Risk
AI replicates and amplifies historical patterns of exclusion. Persons with disabilities have long been excluded from employment, education, and services; AI screening tools learn these exclusion patterns from their training datasets and continue to perpetuate them (e.g, by filtering out applications that include direct or indirect indicators of disability). Machine learning can easily learn and pick up on these patterns, even when disabilities are not explicitly disclosed.
Mitigation
Design AI systems to prioritize exploration, not just past patterns. Instead of relying only on historical data to make decisions (for example, selecting applicants who look similar to past “successful” candidates), systems can be tuned to actively consider a wider range of profiles and experiences. This means giving fair attention to applicants with non-standard paths, such as gaps in education or work that may reflect disability-related factors. Human review of negative decisions and the creation of a clear appeals pathway should be mandatory, and indirect disability proxies should be prohibited as model features.
Illustrative Examples
Education
Discrimination against disability in admissions
Admissions systems that rely on patterns such as continuous enrollment may disadvantage students whose records reflect disability-related disruptions. These systems may categorize applicants who have taken medical leave as less academically strong even when the gap in studies is not related to student performance.
Employment
Hiring filters that screen out non-traditional work histories
Résumé-screening systems may use patterns in work history to filter candidates, which can disadvantage applicants with gaps due to medical leave or disability-related needs. Even when disability-based discrimination is not allowed, these systems may still pick up indirect signals and exclude candidates. As a result, qualified applicants may be overlooked.
Healthcare
Resource allocation based on biased historical care
Care-prioritization systems may use past data to decide how to allocate resources. Because people with disabilities have sometimes received less care in the past, these systems may underestimate their needs.

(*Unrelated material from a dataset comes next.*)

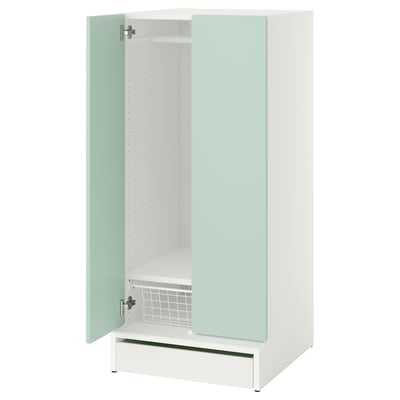 SMÅSTAD / UPPFÖRA Armoire-penderie, blanc/vert clair, 23 5/8x25 5/8x53 1/2 "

This may result in fewer services or lower priority, even when support is needed.
Services
Past exclusion patterns shaping future eligibility
Eligibility systems may use patterns from past applications to make decisions. If people with disabilities were previously denied at higher rates, these systems may continue to reflect those patterns. This can result in applicants being excluded based on indirect signals rather than their actual eligibility.